Information supplied:
++++++++++++++++++++

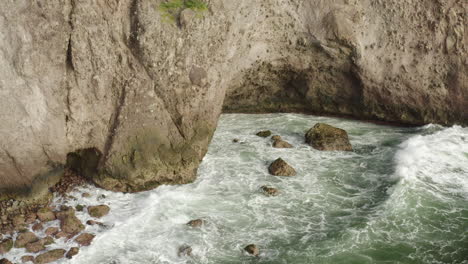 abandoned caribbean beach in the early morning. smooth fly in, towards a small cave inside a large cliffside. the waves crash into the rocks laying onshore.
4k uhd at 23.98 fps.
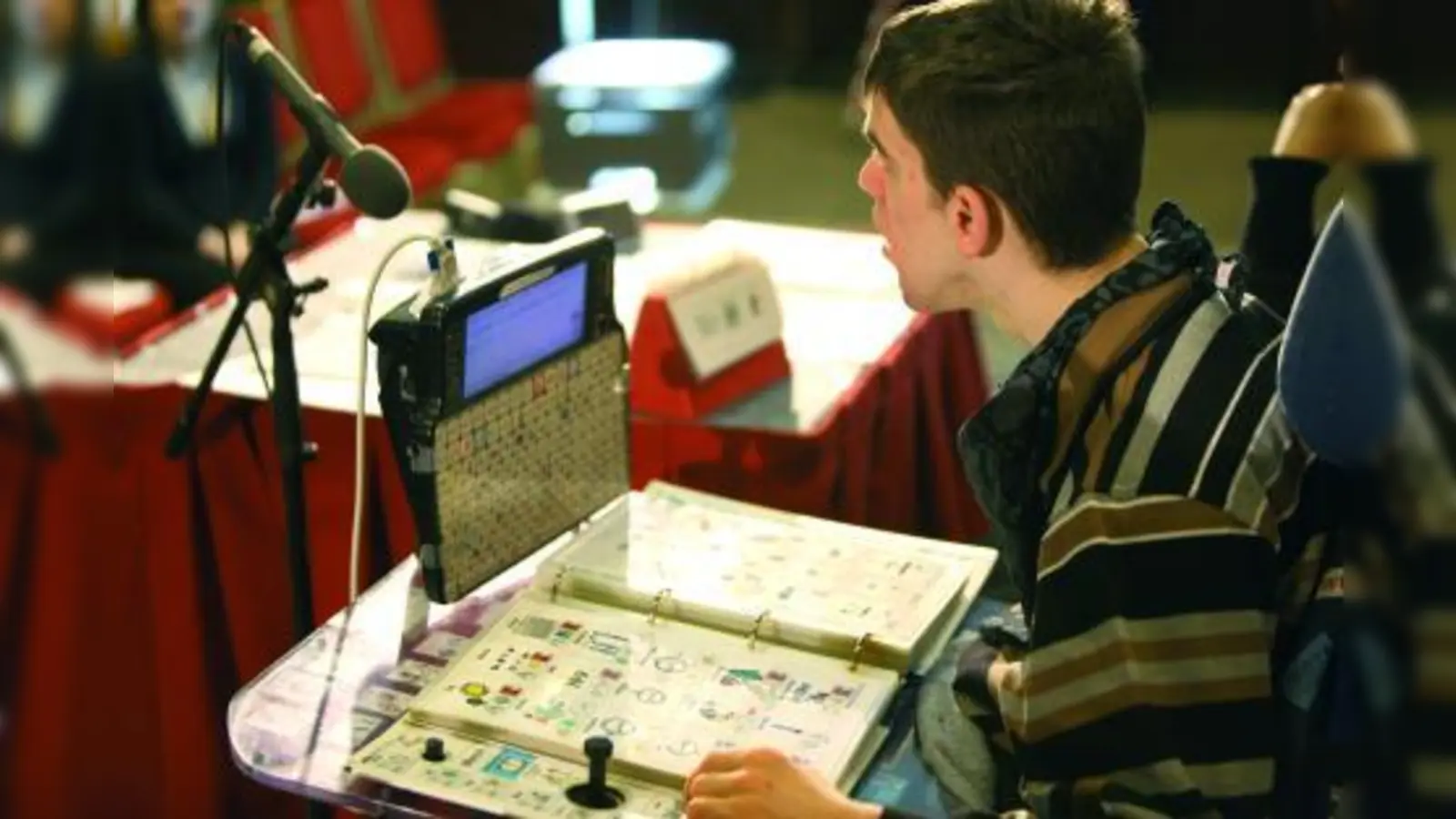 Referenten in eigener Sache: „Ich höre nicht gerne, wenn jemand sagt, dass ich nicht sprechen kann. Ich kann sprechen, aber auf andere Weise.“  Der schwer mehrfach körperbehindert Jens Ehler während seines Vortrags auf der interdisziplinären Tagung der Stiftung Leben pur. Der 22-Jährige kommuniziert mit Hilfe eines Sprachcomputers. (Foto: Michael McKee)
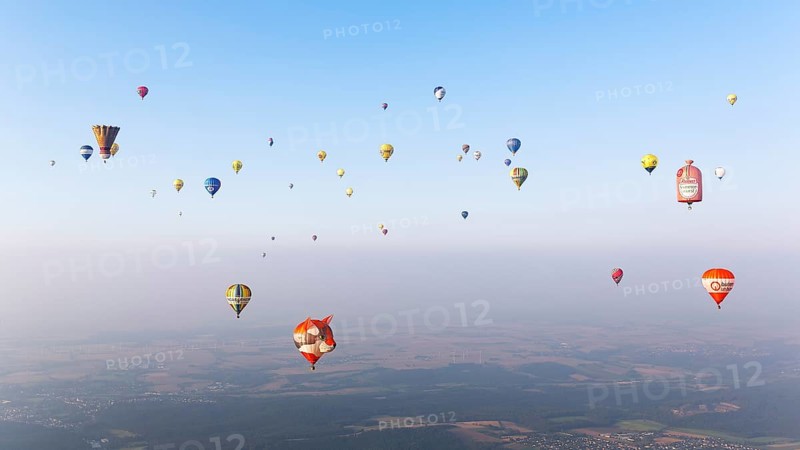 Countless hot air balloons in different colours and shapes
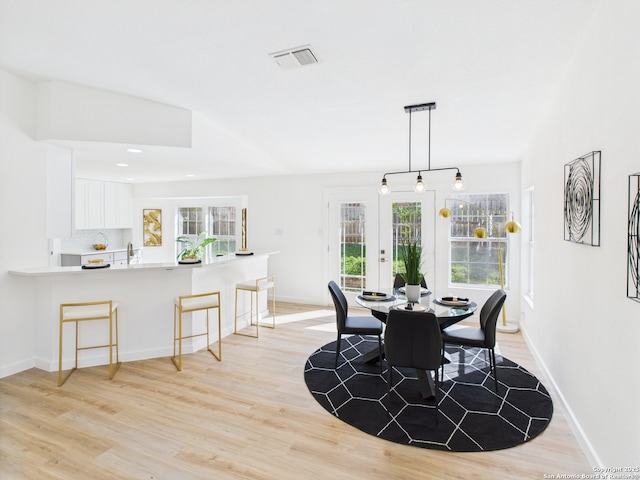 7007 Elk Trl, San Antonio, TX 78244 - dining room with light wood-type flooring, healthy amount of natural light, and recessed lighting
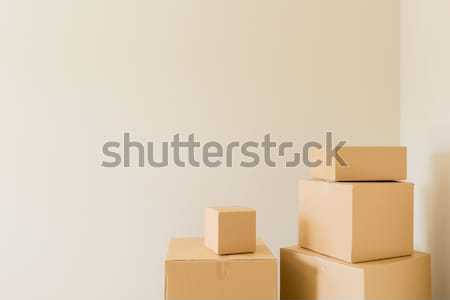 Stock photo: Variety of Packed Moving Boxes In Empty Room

++++++++++++++++++++

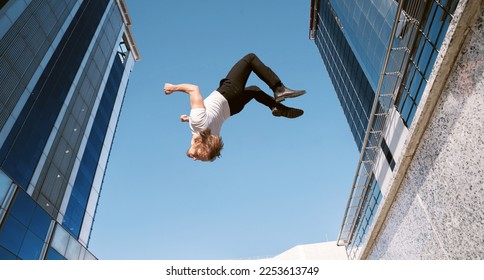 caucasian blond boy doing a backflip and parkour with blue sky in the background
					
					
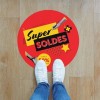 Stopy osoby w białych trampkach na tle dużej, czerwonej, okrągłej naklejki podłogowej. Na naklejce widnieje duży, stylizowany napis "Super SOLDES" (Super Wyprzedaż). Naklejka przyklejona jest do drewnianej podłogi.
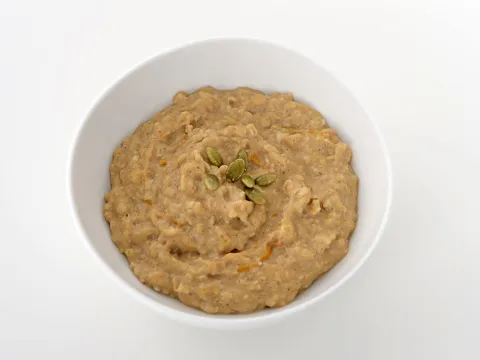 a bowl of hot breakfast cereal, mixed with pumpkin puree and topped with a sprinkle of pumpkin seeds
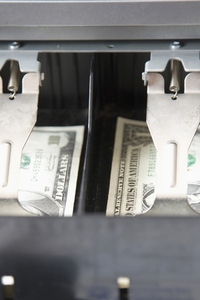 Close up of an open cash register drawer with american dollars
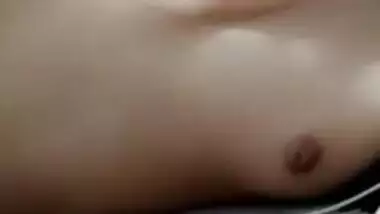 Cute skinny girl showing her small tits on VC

++++++++++++++++++++

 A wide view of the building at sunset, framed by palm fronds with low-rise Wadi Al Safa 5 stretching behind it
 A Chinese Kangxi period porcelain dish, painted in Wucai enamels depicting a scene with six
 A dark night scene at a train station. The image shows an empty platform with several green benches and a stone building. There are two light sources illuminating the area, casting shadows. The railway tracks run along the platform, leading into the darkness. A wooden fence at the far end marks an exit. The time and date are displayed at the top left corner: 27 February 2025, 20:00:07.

++++++++++++++++++++

Task: Above are some records; quote exactly and only the lines that begin at the line containing "Countless hot air" and stop after the line containing "Stock photo: Variety", leaving out the pictures.

Task answer:
 Countless hot air balloons in different colours and shapes
 7007 Elk Trl, San Antonio, TX 78244 - dining room with light wood-type flooring, healthy amount of natural light, and recessed lighting
 Stock photo: Variety of Packed Moving Boxes In Empty Room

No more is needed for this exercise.